Something that keeps coming up recently in private discussions is that
there's supposedly an ambiguity in RFC 1034/1035 about NXDOMAINs, that
is practically observed in broken authoritatives on the internet when
implementing RFC 7816 (qname minimization), and that it was only
clarified in RFC 8020 (NXDOMAIN: there really is nothing
underneath). I'm sorry I didn't pay attention when RFC 8020 was being
discussed, and the RFC itself is nice to have.

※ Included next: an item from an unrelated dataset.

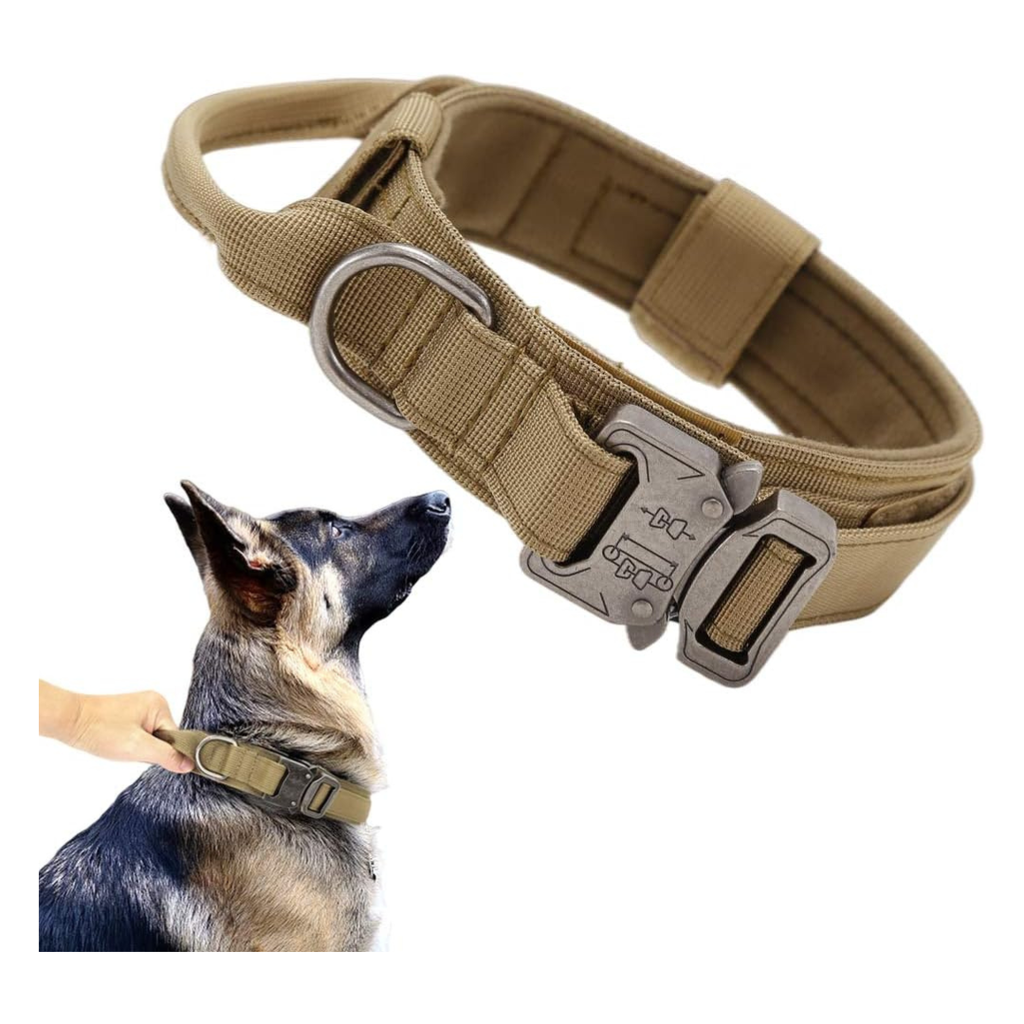 Collier pour Chien Robuste – Nylon Renforcé avec Doublure Souple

There really is no ambiguity in RFC 1034/1035 about NXDOMAINs. RFC 1034
doesn't introduce the DNS as a collection of names; names only come
afterwards. The domain name space is introduced as a tree structure
composed of nodes. Each node has an associated label of 1-63 octets
except the root that has a 0 length label. Only then, is a domain name
defined as the concatenation of labels from a node to the
root. Everything in the global DNS is this domain name space. There are
nodes, not names, and names are identifiers for the nodes. A name can't
be "present" without the corresponding node existing in the domain name
space. Due to the tree, it follows that for some node to exist, its
ancestor nodes on the path to the root must exist. For a domain name to
exist, all its superdomain names must exist. Hence if a domain name
(node identifier) does not exist, there can be nothing under it.
There is no ambiguity in RFC 1034/1035, and implementations that return
NXDOMAIN for empty non-terminals are broken against RFC 1034.